Risk and Extortion XXXIII: A Short Reflection on Terrorism

It is now several months after nations in Western Europe have declared to increase their spending on “defence”. Is there any army in the world that is officially labelled “offence”? It is such an obvious point, that we may actually fail to notice its significance. The universal preference for “defence” reflects a discursive regime where violence is legitimized by the claim of necessity. It’s a core mechanism in the moral economy of modern statehood. Calling it “defence” transforms domination into duty, and aggression into protection.

This cuts to the core of sovereign power. Whereas it requires the exercise of violence to maintain its sovereignty, it can only do so on the basis of claiming the primary identity of “victimhood” for itself. The notable exception is the deployment of state violence to “protect” other victims; then the main identity to be adopted by that state is that of “saviour”. The third identity in this transactional triangle – the perpetrator – is always the object of state-violence.

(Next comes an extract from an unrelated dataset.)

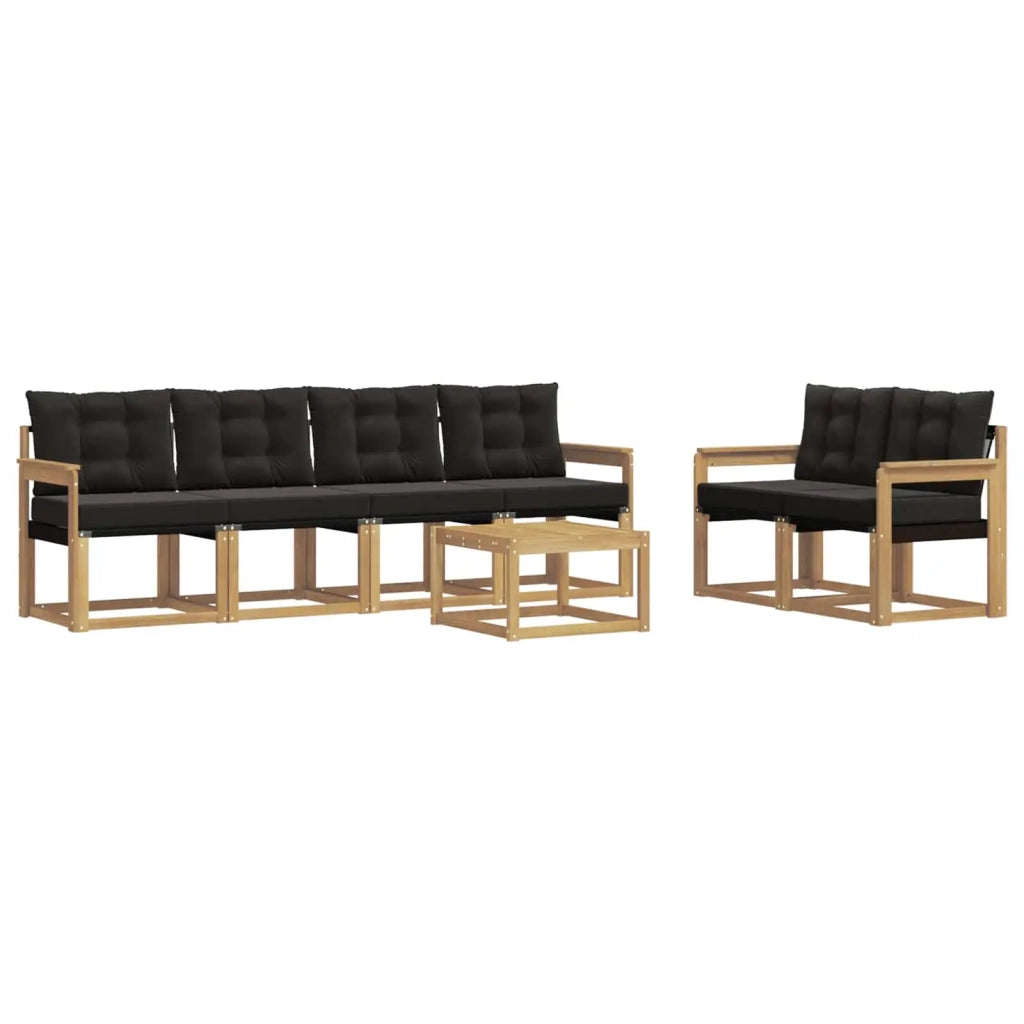 Set di divani da esterno 7 pz Bianco e Nero 3389230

During the 1970s, the term “terrorist” became a beloved label used by states to define perpetrators. In the early days, terrorists were never states but small groups operating within states. There were two main types of terrorists: (a) groups operating in the name of the liberation of a repressed minority (such as the PLO in Israel, the IRA in Northern Ireland, ETA in Spain, or the PKK in Turkey); and (b) groups operating in the name of a radical ideology such as the RAF in Germany, the Red Brigades in Italy or the Shining Path in Peru. In all these cases, the violent actions labelled “terrorism” were directed against powerful states, that themselves used violence, for example in the repression of certain ethnic minorities (Palestinians in Israel and the occupied territories, Irish Catholics in Ulster, Basks in Spain or Kurds in Turkey); or in the repression of certain forms of politics (primarily those associated with revolutionary Marxism – e.g. Leninism and Maoism).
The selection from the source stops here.